Brief descriptive captions:
════════════════

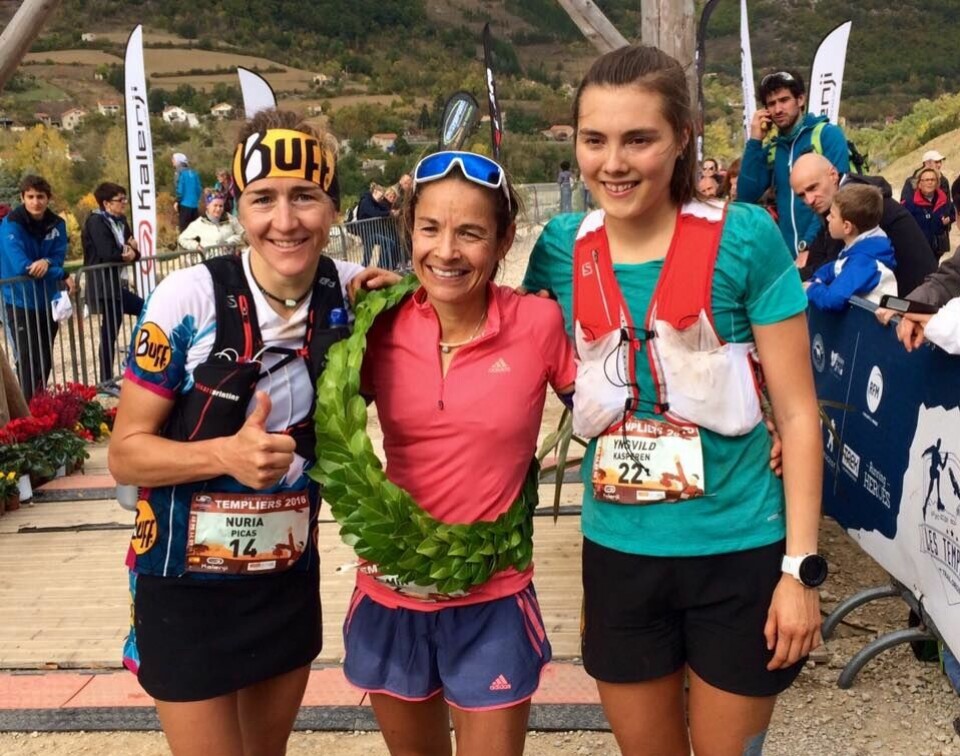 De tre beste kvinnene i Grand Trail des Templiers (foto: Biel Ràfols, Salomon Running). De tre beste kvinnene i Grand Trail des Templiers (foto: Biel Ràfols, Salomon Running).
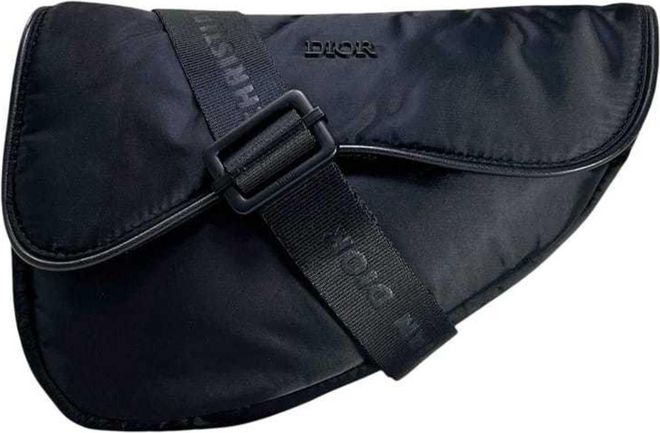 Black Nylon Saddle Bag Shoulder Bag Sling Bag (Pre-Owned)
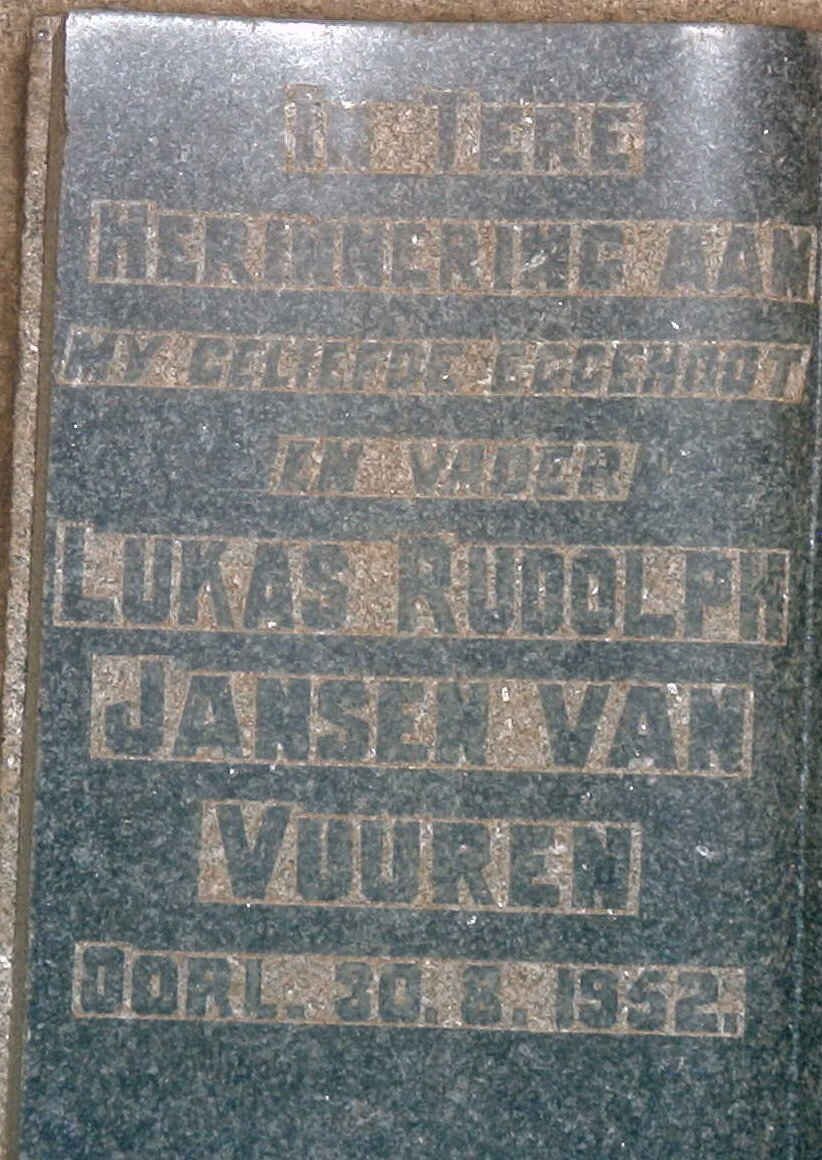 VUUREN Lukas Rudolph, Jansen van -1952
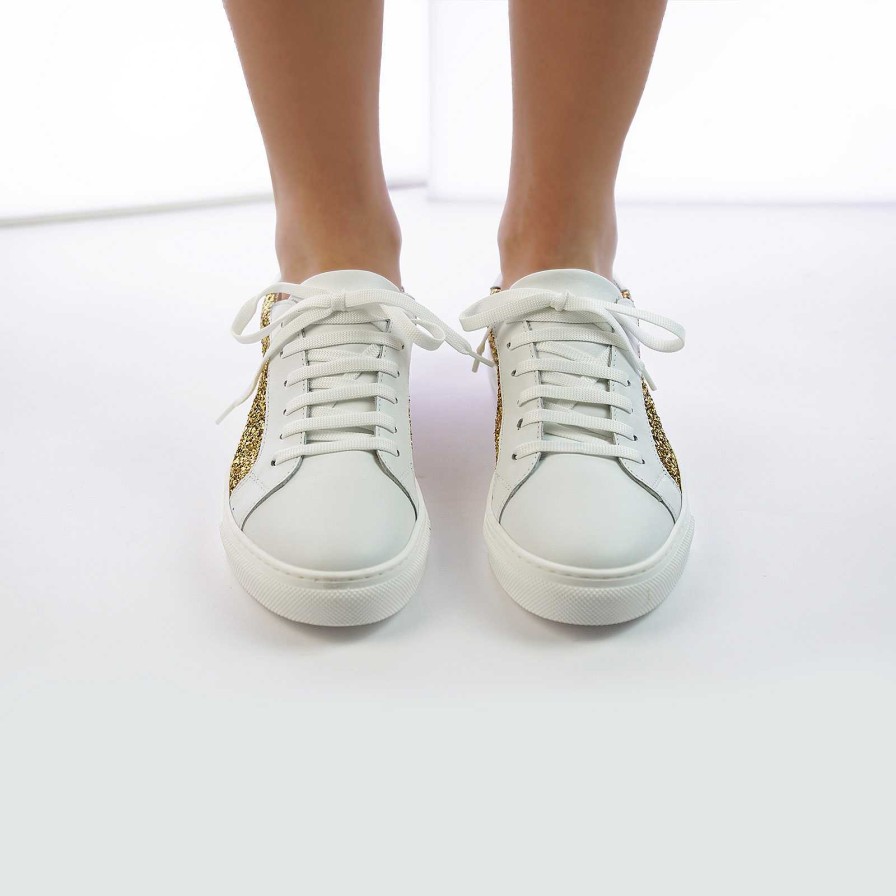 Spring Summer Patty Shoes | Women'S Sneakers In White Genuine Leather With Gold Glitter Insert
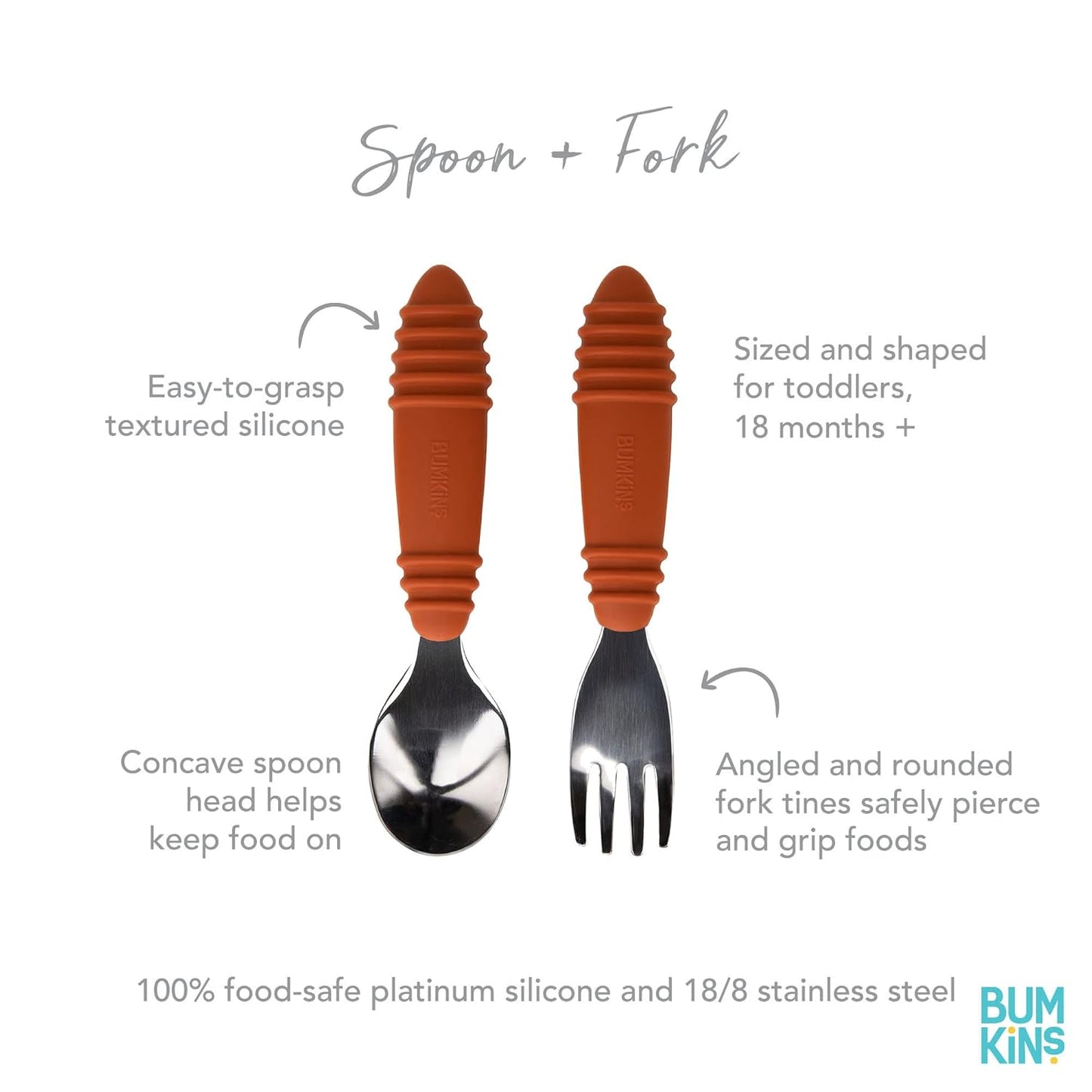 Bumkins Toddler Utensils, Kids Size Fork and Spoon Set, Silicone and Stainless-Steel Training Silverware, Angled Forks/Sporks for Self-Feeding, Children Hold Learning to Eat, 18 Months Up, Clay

════════════════

**Problem to work on:** Each line from the one containing "VUUREN Lukas Rudolph, Jansen van -1952" through the last line above should be retyped exactly, and no other line. Any picture is to be left out.

**Reply to the exercise:**
 VUUREN Lukas Rudolph, Jansen van -1952
 Spring Summer Patty Shoes | Women'S Sneakers In White Genuine Leather With Gold Glitter Insert
 Bumkins Toddler Utensils, Kids Size Fork and Spoon Set, Silicone and Stainless-Steel Training Silverware, Angled Forks/Sporks for Self-Feeding, Children Hold Learning to Eat, 18 Months Up, Clay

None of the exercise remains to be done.